Чем Марков Альсан Рэмович занимается «по жизни», я так толком и не понял. Точнее — чем зарабатывает. По словам Виталя и Кости, еще недавно он «рулил» в местном микроскопическом антикоммерческом издательстве (практически из него одного и состоявшем) под пышным латинским названием «Venus Victrix», печатавшем пару раз в год радикальных западных культурологов, психоделическую поэзию, герметические трактаты XVII века, биографию Сергея Курехина или, скажем, «эсэмно»-сектантскую порнографию времен русского декаданса от какого-нибудь Пимена Карпова; с произвольной периодичностью (по мере нахождения бабок) издавал тонкие журнальцы под названиями вроде «Китеж» и «Денница» с нечитабельными эссе о киберпанковской философии или теории консервативной революции; обильно писал сам — в Сеть и в малотиражную радикальную периодику; против него даже завели в свое время дело по статье 280-й, часть 2-я (публичные призывы к экстремистской деятельности в СМИ)… а еще вроде он был известен и уважаем даже во вполне цивильных кругах как крайне эрудированный питерский краевед.

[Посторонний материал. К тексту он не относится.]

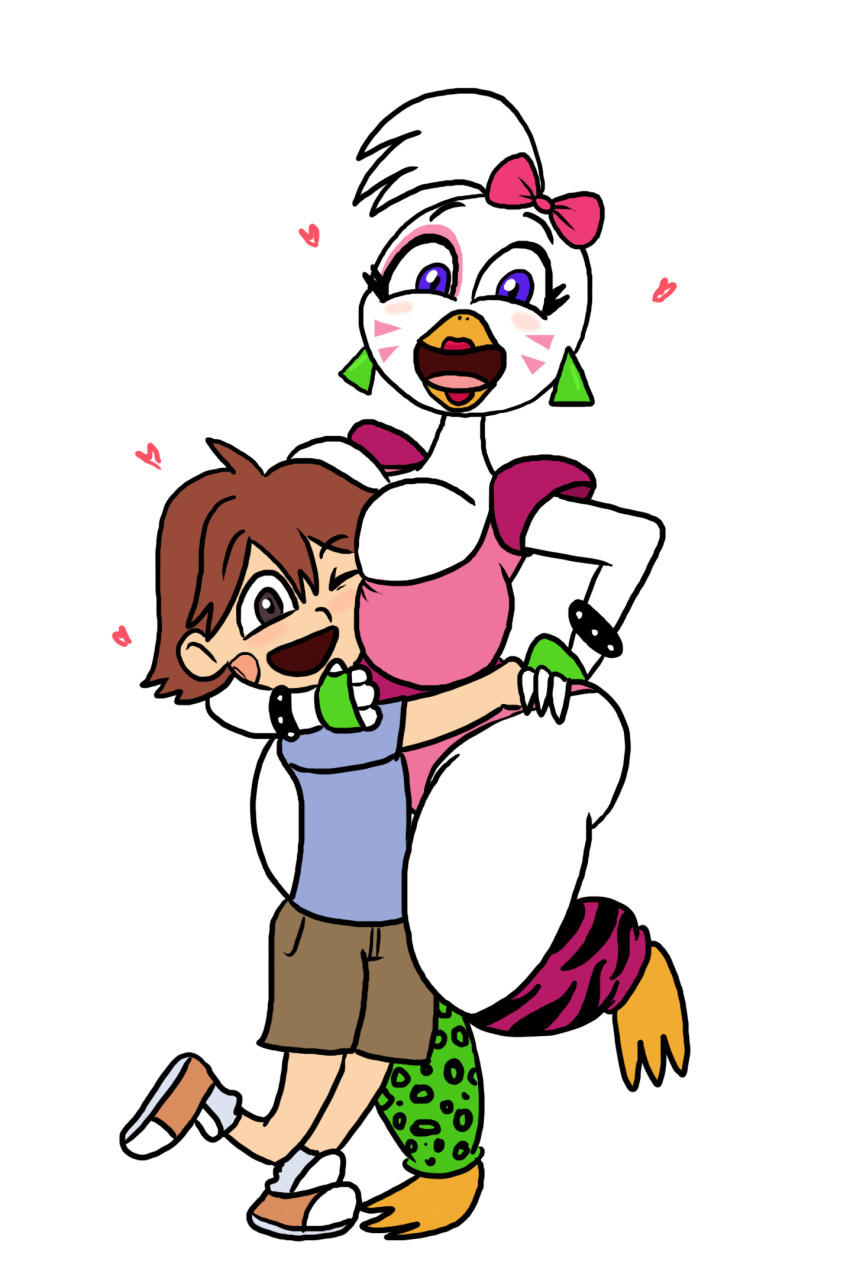 age_difference anthro avian big_breasts bird blush breasts chica_(fnaf) chicken duo female five_nights_at_freddy's five_nights_at_freddy's:_security_breach galliform gallus_(genus) glamrock_chica_(fnaf) gregory_(fnaf) hi_res human humanoid love male male/female mammal phasianid romantic romantic_couple scottgames smog01 thick_thighs video_games younger_male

— …Совершенно невозможно с точки зрения практической логики объяснить количество в сюжетах тогдашнего немецкого кино прозрачных метафор и прямых аналогий с нацистской практикой, что обретет реальность лишь десять с лишним лет спустя. Словно киношники все знают заранее — и словно все время затыкают друг другу рот! Помните эту историю с «Доктором Калигари»?

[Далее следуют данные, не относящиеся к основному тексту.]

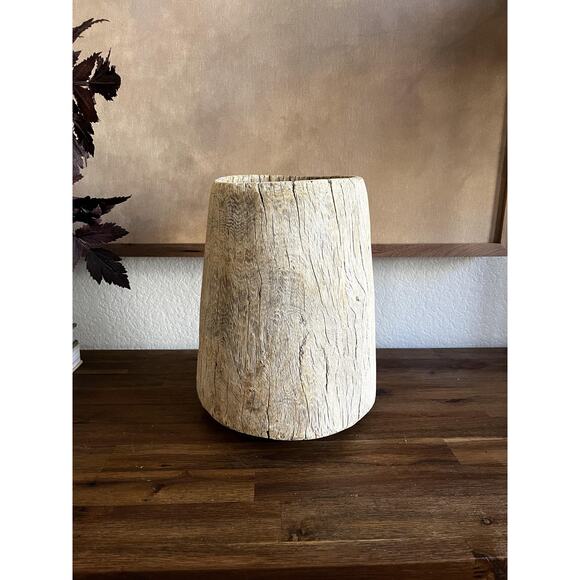 Vintage Bleached Wood Pot Vessel - Picture 1 of 6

— Н-напомните… — озабоченно хмурюсь.
— Тысяча девятьсот девятнадцатый, легендарный «Кабинет доктора Калигари», который потом назовут геномом всех киноужастиков. Сценарий пишет чех Ганс Яновиц, выросший в Праге — обратите внимание, постоянно эта Прага, насквозь мистический город, город Рудольфа Второго, Тихо Браге и рабби Лева!.. — и в 1913-м, по его собственным словам, странным образом ставший в Гамбурге свидетелем «чудовищного сексуального преступления в парке Хольстенвалля» (так же — Хольстенваллем — называется в сценарии вымышленный город, где происходит действие), вместе с Карлом Майером, сыном полубезумца и самоубийцы, неоднократно подвергавшимся психиатрическому освидетельствованию. Режиссером студия «Декла» приглашает Роберта Вине — тоже сына сошедшего с ума актера! Декорации, написанные тремя художниками-экспрессионистами, Германом Вармом, Вальтером Реригом и Вальтером Рейманом, специальное упоминание о которых войдет потом во все киносправочники (почти все тогдашние немецкие картины, кстати, на сто процентов делались в павильонах), извращают перспективу, дико искажают формы и пропорции ландшафтов, домов, интерьеров: косые трубы, окна без единого прямого угла, нарисованные противоестественные тени — галлюциноз, неэвклидово сновидение…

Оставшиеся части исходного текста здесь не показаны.